Из всего прошлого изложения наш ответ на этот вопрос вытекает сам собой. Мы думаем, что степень культурного развития выражается не только в приобретенных знаниях, но и в умении человека пользоваться предметами внешнего мира, и прежде всего пользоваться рационально своими собственными психологическими процессами. Культура, среда переделывают человека, не только давая ему определенные знания. Они трансформируют самую структуру его психологических процессов, вырабатывая в нем определенные приемы пользования своими собственными возможностями.

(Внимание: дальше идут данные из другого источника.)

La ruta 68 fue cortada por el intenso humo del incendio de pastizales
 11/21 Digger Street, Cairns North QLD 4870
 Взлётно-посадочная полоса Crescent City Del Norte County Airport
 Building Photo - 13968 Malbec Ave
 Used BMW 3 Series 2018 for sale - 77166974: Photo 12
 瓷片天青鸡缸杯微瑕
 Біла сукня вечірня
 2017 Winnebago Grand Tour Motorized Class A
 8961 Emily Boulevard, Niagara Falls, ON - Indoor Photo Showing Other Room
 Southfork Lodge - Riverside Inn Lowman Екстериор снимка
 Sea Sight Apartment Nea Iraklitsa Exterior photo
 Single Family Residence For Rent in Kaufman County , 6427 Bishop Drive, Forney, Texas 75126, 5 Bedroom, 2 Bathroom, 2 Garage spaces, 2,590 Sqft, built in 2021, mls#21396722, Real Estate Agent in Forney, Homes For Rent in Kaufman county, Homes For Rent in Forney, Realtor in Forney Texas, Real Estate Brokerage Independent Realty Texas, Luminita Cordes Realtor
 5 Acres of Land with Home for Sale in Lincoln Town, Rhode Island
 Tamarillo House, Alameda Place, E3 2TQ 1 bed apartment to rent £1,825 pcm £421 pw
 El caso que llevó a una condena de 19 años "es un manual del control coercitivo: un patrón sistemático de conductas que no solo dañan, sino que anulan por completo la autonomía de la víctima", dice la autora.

Культурная одаренность заключается прежде всего в том, чтобы, имея от природы средние или плохие данные, достигать с помощью их рационального использования таких результатов, каких другой, культурно неразвитый человек может достигнуть только с помощью натуральных данных, значительно более сильных. Умение владеть своим натуральным богатством, выработка и применение наилучших приемов их использования — вот в чем сущность культурной одаренности.
Не нужно думать, что культурная одаренность — единое, постоянное и статическое понятие. Нет, она может иметь совершенно различные проявления, и одаренность в одной области вовсе не обязательно предполагает наличие ее в другой. Музыкант, развивший необычайную культурную деятельность в одной области, может совершенно не обладать данными, которые мы предполагаем у ученого; человек с большой практической одаренностью обладает опять-таки совсем иным комплексом особенностей. Вместо абстрактного и малоговорящего термина «общая одаренность» выдвигается сейчас понятие целого ряда специальных «одаренностей».
И однако во всех них есть один общий момент, и он сводится именно к максимальному умению использовать свои природные данные, к выработке все новых и новых, внешних и внутренних, простых и сложных по структуре приемов, переводящих натуральный процесс в опосредствованный, искусственный, культурный. В богатстве и активности этих приемов и заложено то общее, что дает понятие «культурной одаренности».
Конечно, это понятие предполагает динамический, приобретаемый в живом контакте с социальной средой феномен; эти психологические образования являются продуктом социального воздействия на человека, представителем и плодом внешней культурной среды в жизни организма. Они есть у каждого человека, только в зависимости от истории каждого и от различной пластичности его исходных конституциональных данных они богато развиты у одного и находятся в зачаточном, бедном состоянии у другого. Задача психолога заключается в том, чтобы изучить их с достаточной точностью и определить коэффициент этого «культурного развития» у каждого из изучаемых индивидов. Степень натуральных предрасположений — возрастное состояние нервно-психической деятельности — вся база натуральной невродинамики — и уже затем стадия, структура культурных процессов, степень осведомленности, богатство знаний — вот как представляется программа исследования одаренности личности.
Можно с уверенностью рассчитывать, что развивающиеся экспериментально-психологические исследования в недалеком будущем смогут дать нам как готовые системы тестов культурного развития, так и те стандарты, которые можно признать характерными для культурного развития детей отдельных возрастов, биологических и социальных группировок.
Изучение наряду с врожденными свойствами человека еще и тех форм нервно-психической деятельности, которые обязаны своим существованием культурному влиянию социальной среды, даст нам возможность ближе понять ребенка наших детских садов и школ, точнее оценить характер его развития и научиться рациональным культурным влиянием продвигать это развитие все больше и больше вперед.